If you could look up the antonym for “charming conversation,” there would be a picture of me. 



I did it yesterday, unintentionally saying something that seemed perfectly innocent to me, yet was experienced by someone dear to me as hurtful – I hadn’t thought about how the words I used could have been interpreted by anyone who didn’t know my point.



What a challenge, never knowing what is too little, what is too much, when I so rarely say something just right.  Have found myself thinking about my mother, who never learned how to drive because she was too preoccupied wondering about the mechanics of a car, how it started & maintained speed & stopped.  She couldn’t just let it go & drive.  Under my tutelage, she finally learned how to set a parking brake, but nothing more.



That’s me & conversation.  I listen to John & Mom & Mim & Peter and they all do it so effortlessly.  They build a conversation, feed it with interesting kindling, fan the flames with pertinent observations & comments.  Not me.



People scoff at my claims of being a lousy conversationalist.  They don’t know how terrified I am of making a mistake, of not listening in the right way, of having such pitiful background for developing engaging topics.  Like Mom with cars & driving, I’m so focused on my ignorance of the basic mechanics of a good conversation, I go into overdrive or push the limits of propriety or can’t follow where the conversation is naturally headed & send it off on an uncomfortable detour.



My heart was born to be filled with friends who jabber on the phone or join me for a cuppa, who seek my advice in dark days or invite me to join them on all the happy ones.  One reason I love Facebook to the moon & back is because of getting to see all the other connections out there, all the friends hanging out over an electronic fence sharing every sort of news, posting pic of every sort of fun times.  
 

That wasn’t the life I was cut out to live.  
 Love, yes.  Live, no.

How ironic.  It feels to me like my oldest brother & sister always saw themselves on the outside of where they wanted to be, looking in but unable to fully be part of whatever it was.  And here I am,  doing the same, due to deeply etched, hopelessly flawed communication skills.  Bitter, bitter irony.   



Normally, all of this doesn’t make me weepy.  Today, am all too aware of how my no brain/no boundaries ways can cause others at the least discomfort, at the worst pain.  I blew a fledgling friendship by letting books & place & slightly similar histories dissolve the proper boundaries that keep tight-bud relationships safe enough to slowly unfurl.  

Hard truth - people often don’t feel safe around me, because I don’t know the difference between okay & too far.  Am too aware of the mechanics & too sure I am messing them up. They often aren't comfortable around me, yet my assumption is that I'm always blowing it, always feeling like they're mentally edging away from me.  

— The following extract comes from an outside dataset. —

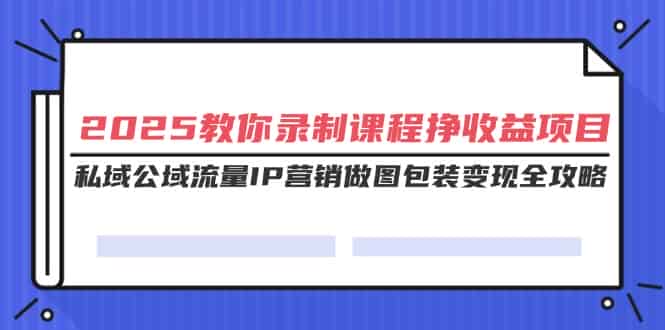 （14486期）2025教你录制课程挣收益项目，私域公域流量IP营销做图包装变现全攻略-有道网创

How, at 62, do I learn proper boundaries & safe limits?  Can see them all too clearly afterward, after the stunned look & frozen body language response. 



Part of me accepts that, at 62, this is me.  Work with what is.  Build it into whatever is possible & don’t regret the never was, never will be. 



I get that.  And some days, like this day, it is a grief.


2 comments:

  1. I have always had issues with conversation - being too afraid to hurt someone else's feelings, never actually getting to say how I feel, or what I think! Until I turned 60 that is, and the next milestone, 65, and being without Peter....I might be a little old lady, but sure as hell, I am NOT going to be invisible!
    However, I think I make a better listener...but my friends think I should be a stand-up comic.... I have a repertoire of jokes and anecdotes to keep the conversation flowing, thereby avoiding the need to get into deep and meaningfuls!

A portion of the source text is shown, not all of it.